Entering the square: late May
In the famous main square in central Barcelona which stands at the head of the even more famous las Ramblas, we have a site of protest tonight – called spontaneously a few hours earlier. The crowd is small but determined. A general assembly has been called and has been going on goes on for hours. Some have gathered to sit in the middle of the square, the self-proclaimed mediators, the chairpeople. I am sure they would balk at the very title “chairpeople” with all its bureaucratic, corporate connotations. They do a good job of mediating, giving a microphone (with speakers so that the protests can be heard throughout the square) to anyone who puts their hand up long enough, wanting to speak.
The crowd has an instinct for direct democracy. At one point a young boy who has spoken before wrenches the microphone from the facilitator to sounds of discontent from the listening crowd. Instead of capitulating, he continues, begging the crowd with just his hand movements to let him speak. He seems to enjoy the attention. Those sitting in the crowd and lending their ears, however, take them back if they are bored or feel the speaker is repeating themselves. To indicate this desire to ‘move on’, they put both hands up in the air then move them – one hand rapidly following the other in a circular movement, like parents who sing songs to their children about the wheels on the bus going round and round. There is a tendency not to clap when a good point is made but to move one hand silently in approval. The best way to describe this movement is like a slowed down short burst of jazz hand. But sometimes applause is necessary: and the crowd know this. When a speaker speaks their heart out, they are rewarded with loud clapping.
Every decision is taken by the group. Sometimes this painstaking nitpicking, and the adherence to ‘voting’ for every little thing is tedious. Maybe they are deliberately overdoing the democratic content of this protest because of why we are here: the bankers, the politicians, the corruption, the unease, the social divide, which has settled over the city, the country, the whole of Europe, the world, like a fog. Democracy like this basic empowerment has no part in the vocabulary of politicians who represent us in liberal parliaments.

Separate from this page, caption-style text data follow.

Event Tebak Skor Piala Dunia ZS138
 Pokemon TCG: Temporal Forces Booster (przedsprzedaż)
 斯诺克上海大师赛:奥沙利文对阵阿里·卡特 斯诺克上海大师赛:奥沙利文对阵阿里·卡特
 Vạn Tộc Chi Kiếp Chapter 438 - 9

As is always the case in big gatherings, rumours are planted fast and begin to grow like weeds. The police are coming. The police are here. The police are starting to surround the square. If you want to go home, go home now. I try to look through the forest of people for any sign of these police, easily identifiable, like highlighter pens, by their bright neon yellow uniforms. On May day, as we know, protests grew into a riot. In the rich neighbourhood, every bank along the way was smashed, splashed with paint, tainted with the words ‘thieves’. The police waited until we were in a road without easy exits and then charged: we were reduced to directionless herds. But the fear passes like a breeze.
When the general assembly ends, it is time to set up the sleeping arrangements. Although there are many at the assembly, very few have raised their hands to indicate that they are sleeping over in the square. It’s disappointing, but there are hopes (from the pessimists) and assertions (from the optimists) that tomorrow and the day after will see these numbers grow.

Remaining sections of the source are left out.